It's difficult to say much more about Jack that I haven't said over the past 13 years of this blog's existence but as I owe Kerouac a lot of debt, an individual who has been a huge influence on me so have rehashed some of my previous thoughts on him with some extra flourishes in a celebration of his truly remarkable life..
Like his character Sal Paradise in On the Road, Jack Kerouac
was restless to discover himself in postwar America. His
stream-of-consciousness writing style flowed like jazz, encompassing but
not always embracing the Beat generation of the 1950s. A writer of spontaneous prose, lover
of jazz, idealizer of México and adopter of Zen—Kerouac is a fixture in
the United States’ counterculture mythos.

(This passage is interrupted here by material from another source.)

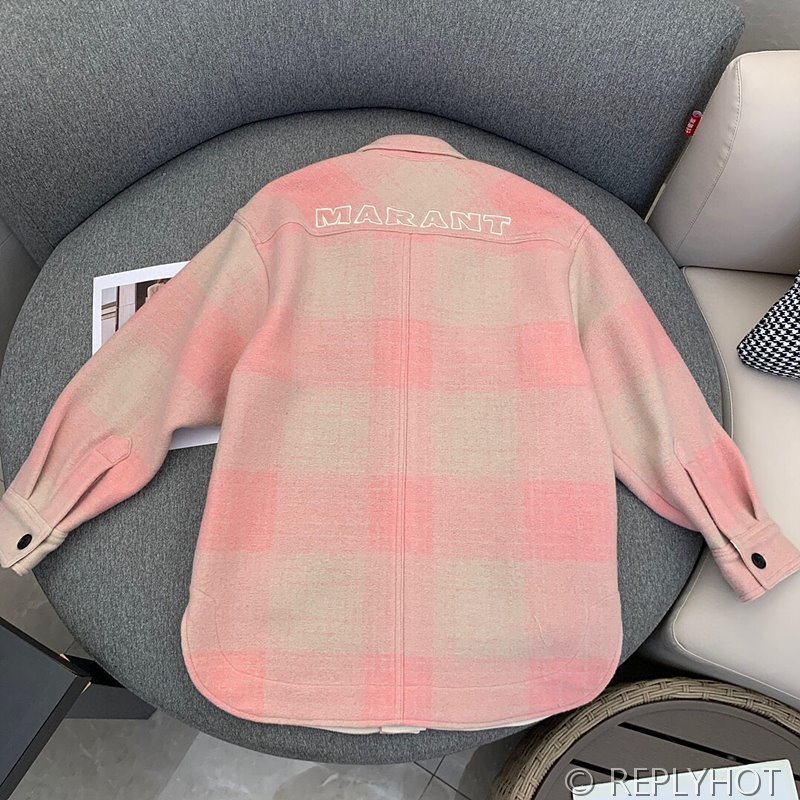 이자벨마랑 핑크 체크 패턴 울 셔츠 자켓 [매장가 90만원대]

Thematically, his work covers topics such as his Catholic
spirituality, jazz, promiscuity, Buddhism, drugs, poverty, and travel.
He became an underground celebrity and, with other beats,
a progenitor of the hippie movement, although he remained antagonistic
toward some of its politically radical elements.
The shaman of the Beat Generation arrived today as Jean-Louis Lebris de Kerouac to a French-Canadian
family in the factory town of Lowell, Massachusettsus USA. Variously called
the Beat Generations apostle, poet, hero, laureate, saint? Through his
own life story he created a work of fiction .Soared so high, that in
the end unfortunately found his own human skin, then found himself out
of his depth in bottled delusion, where the burning ship had become his
own.
Kerouac learned to speak French at home before he learned English at
school. Reportedly he did not learn English until he was six years old .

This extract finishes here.